Task brief: This exercise calls for an exact copy of the listing, with no pictures kept.

Data shown:

--- START ---

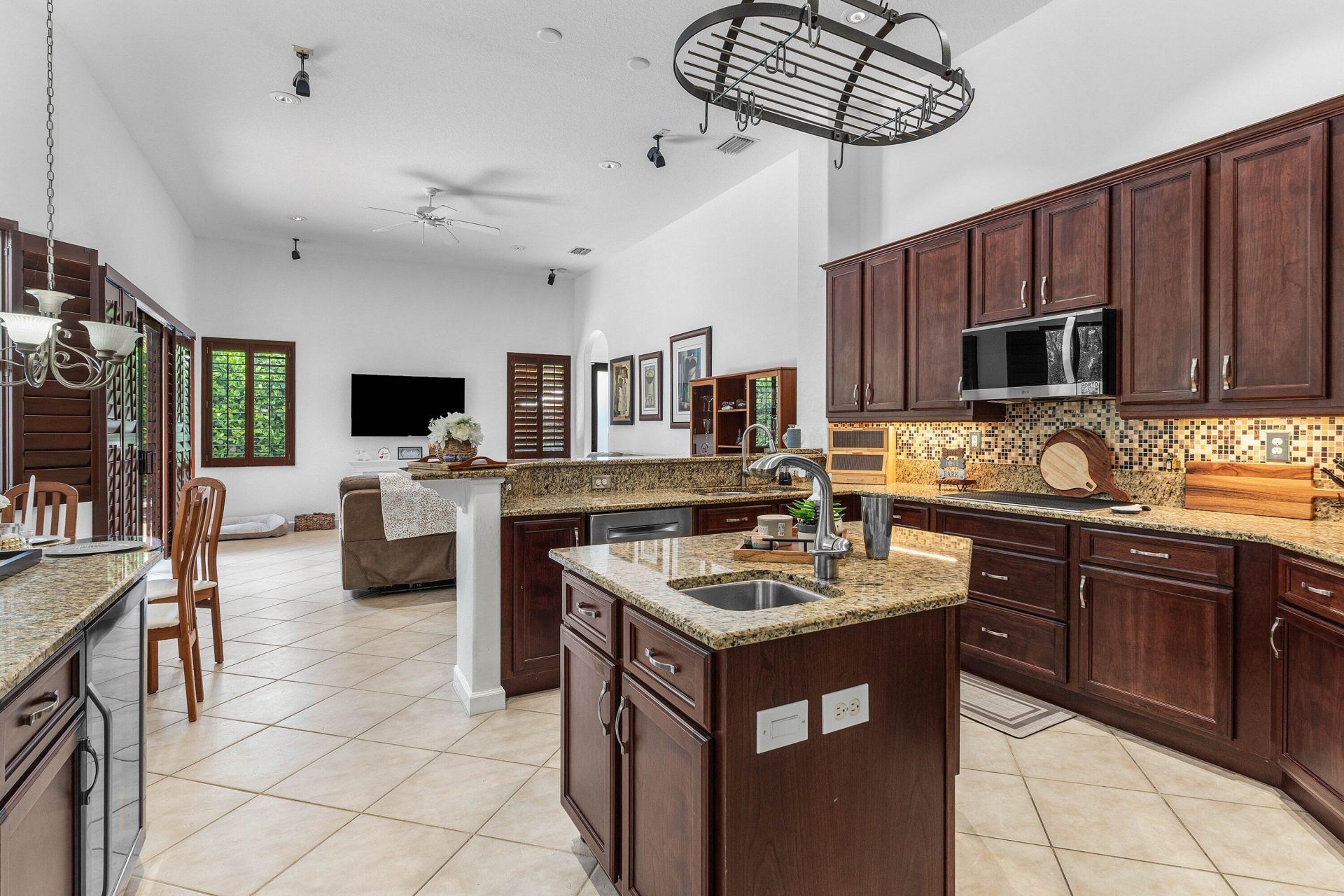 876 NW 123rd Drive, Coral Springs, FL 33071 Photo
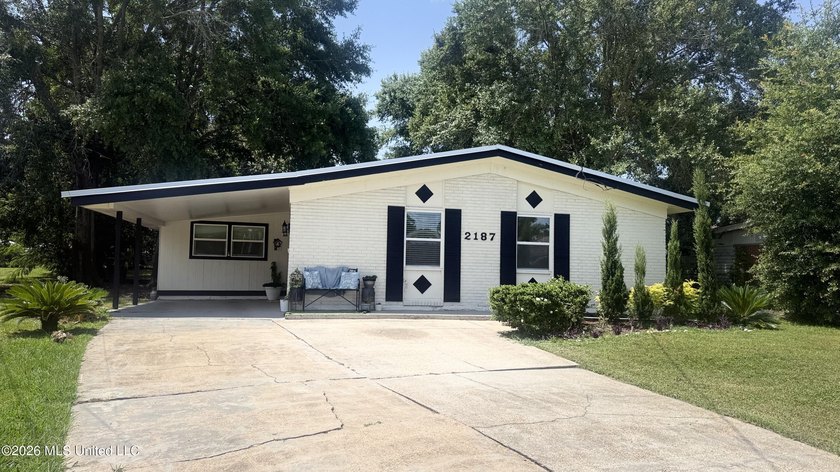 This beautiful House in Biloxi was renovated 4 years ago and - photo 2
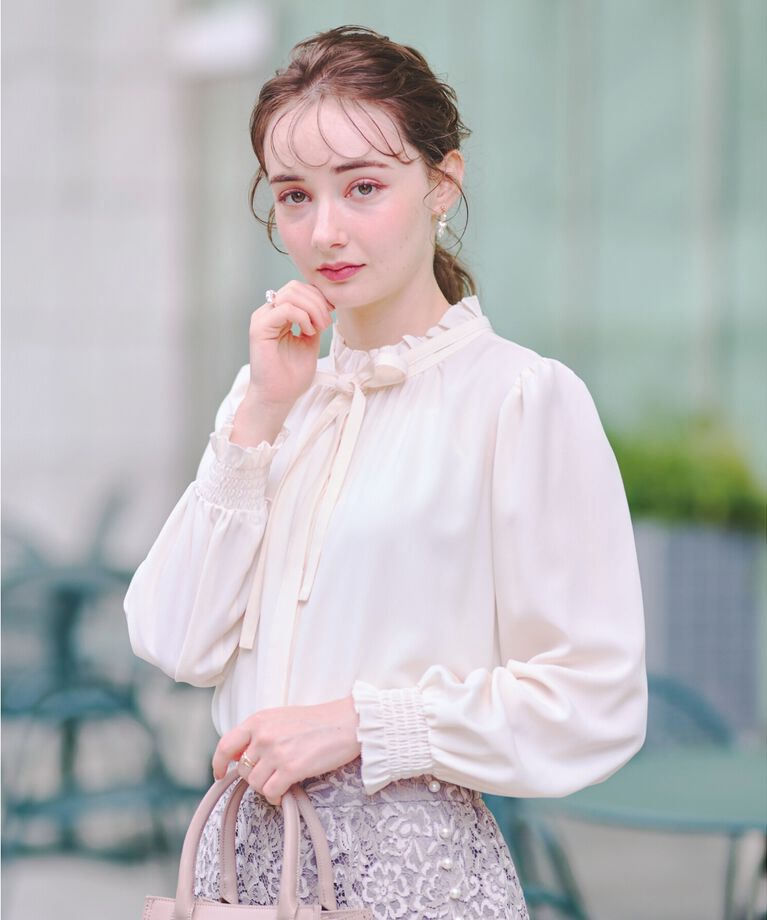 Couture broach「【好印象なレディブラウス】タイ付きピコフリルブラウス」|シャツ・ブラウス|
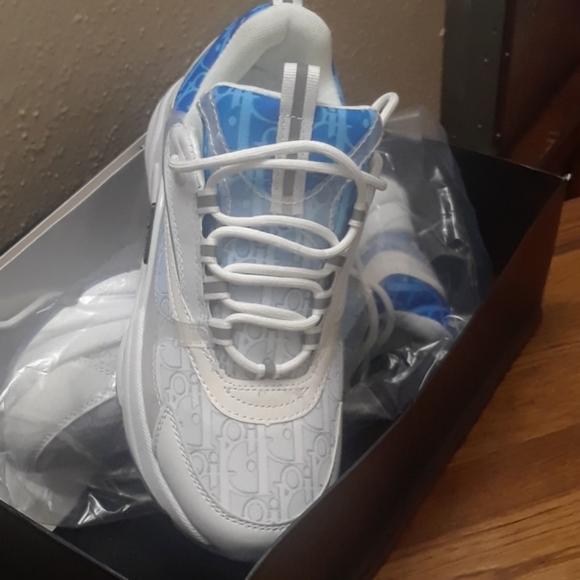 Meet your Posher, Gabriel - Picture 4 of 4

--- END ---

Task output:
 876 NW 123rd Drive, Coral Springs, FL 33071 Photo
 This beautiful House in Biloxi was renovated 4 years ago and - photo 2
 Couture broach「【好印象なレディブラウス】タイ付きピコフリルブラウス」|シャツ・ブラウス|
 Meet your Posher, Gabriel - Picture 4 of 4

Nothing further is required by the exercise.